仏教の教えとともに日本に持ち込まれたお盆の風習ですが、奈良時代には天皇の命令で盂蘭盆会を祭ることが決められています。奈良の大仏を建立したことで知られる聖武天皇が733年に出した命令以降、皇居では恒例の仏事になりました。平安時代には盂蘭盆会を祭る風習は貴族の間に定着します。時代が下って明治時代になると、京都府は盂蘭盆会の習俗すべてを風紀上良くないと廃止するように命じたこともあったといいます。明治政府は仏教よりも神道を重んじましたから、その影響かもしれませんね。しかしその命令によってもお盆を止めさせることはできず、日本の夏の伝統行事として広く行われ続けています。

明治維新は、日本にさまざまな変革をもたらしました。先ほど触れた神道優遇もそうですが、もっと規模の大きい変化もあります。それは、太陽暦(新暦)の導入です。明治5年、日本政府は太陽暦を導入しました。旧暦の明治5年12月3日を、明治6年1月1日として新暦に切り替えたのです。これを明治改暦といいます。この布告は明治5年の11月9日に交付されたため、世の中は大混乱に陥りました。毎年10月1日には翌年の暦(カレンダーのようなもの)を売り出していましたから、これはすべて返品。新たに暦を作り直さなければいけなかったために、業者は大混乱に陥ったといいます。なぜこんなに急だったかというと、明治政府が貧乏だったせいだといいます。旧暦ではうるう日(4年に一度、2月を一日増やす)のかわりに閏月というものがあり、一ヶ月増やさなければいけませんでした。すると、月給制をとっていた公務員に払う給料が一ヶ月増えてしまいます。そこで新暦を導入すると12ヶ月で済む上に、明治5年は12月が2日しかない計算になりますから、なんと11ヶ月分しか給料を払わなくていい、ということです。どうもしまらない話ですが、明治のようにあらゆるものが変わっていく時代には、このようなドタバタはよくあることのようです。
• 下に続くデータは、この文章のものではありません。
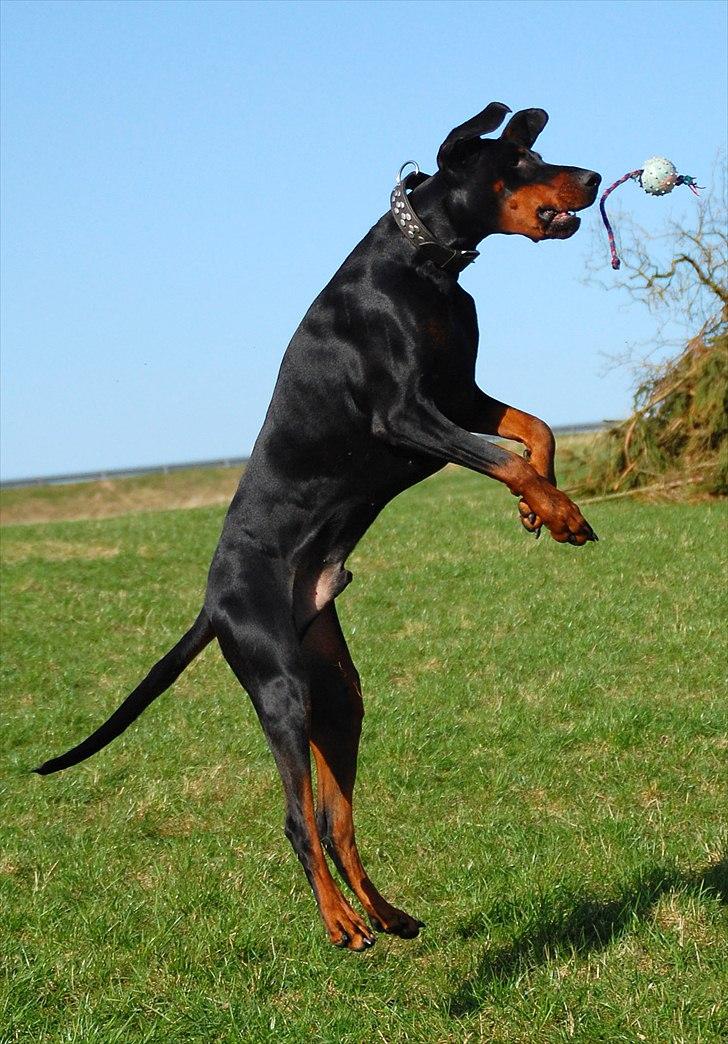 Dobermann Black Ballerina Cody billede 4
さて、新暦導入によりお盆もかわりました。新暦と旧暦にはおよそ一ヶ月の開きがありますから、8月のお盆が生まれ、さらに3つの時期に分かれていきました。

  • 1.7月13日~15日
    旧暦の日付をそのまま新暦に移したもの。
  • 2.8月20日前後(旧盆)
    旧暦7月15日が新暦でいう8月20日前後のため。
  • 3.8月13日~15(または16)日(月遅れの盆)
    当時は、日本国民の8割が農業に従事しており、新暦7月15日は農作業の忙しい時期に重なることに配慮した。お盆を1ヶ月遅らせて「月遅れのお盆」としてお盆の行事をゆっくりできるようにしたため。
    • 時代が下るにつれて旧盆は廃れていき、全国のおよそ7割の地域で8月15日前後にお盆を行うようになりました。カレンダーに旧暦が掲載されなくなったという理由もありますが、旧暦は新暦との対照が毎年変わるのでわかりにくいこと、日付を固定したほうが予定を立てやすいことなどによるとされています。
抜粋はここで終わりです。